After locating the line that holds "Colorado State University", copy that line and all that follow it word for word through the end of the data, with no pictures.

== SUPPLIED DATA

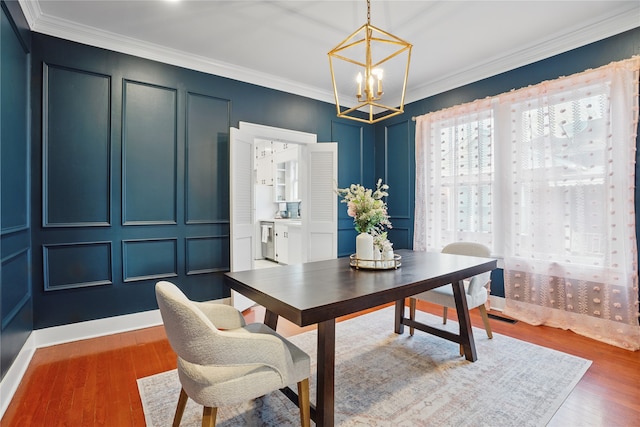 office space featuring a decorative wall, crown molding, an inviting chandelier, and wood finished floors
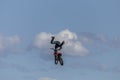 Stunt Motocross motorbike rider on a jump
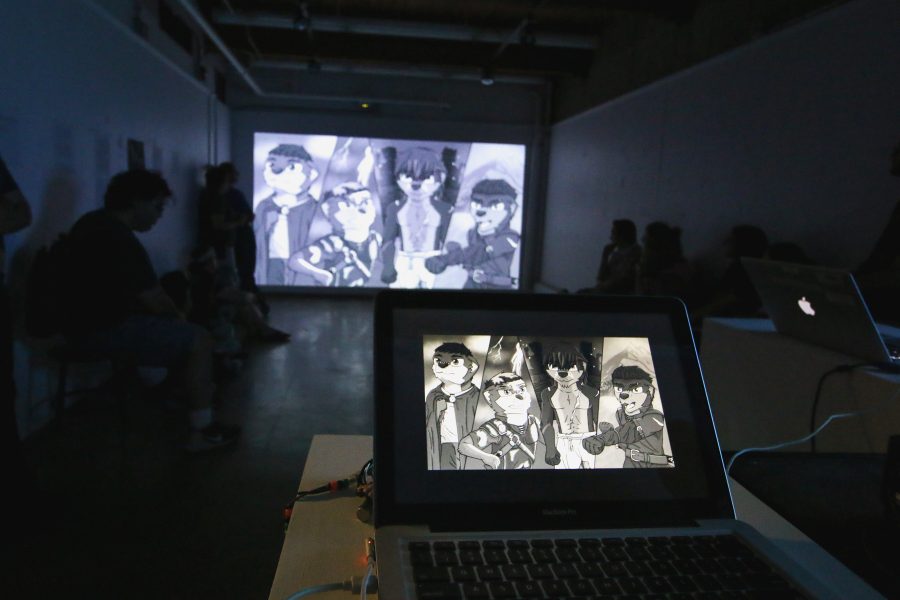 Colorado State University student artwork is projected off of a computer during a show in the Visual Arts building on September 5 (Jack Starkebaum | Collegian).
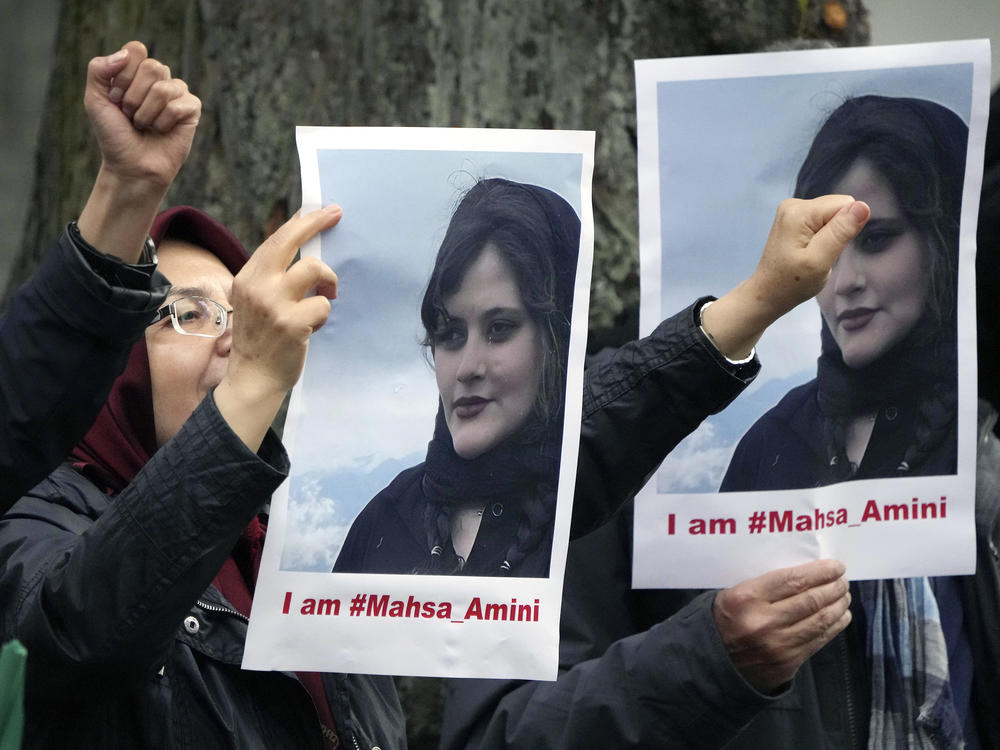 Protesters gather in front of the embassy of Iran in Berlin, on Tuesday after the death of 22-year-old Mahsa Amini in the custody of Iran's morality police.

====

## RESPONSE AREA
 Colorado State University student artwork is projected off of a computer during a show in the Visual Arts building on September 5 (Jack Starkebaum | Collegian).
 Protesters gather in front of the embassy of Iran in Berlin, on Tuesday after the death of 22-year-old Mahsa Amini in the custody of Iran's morality police.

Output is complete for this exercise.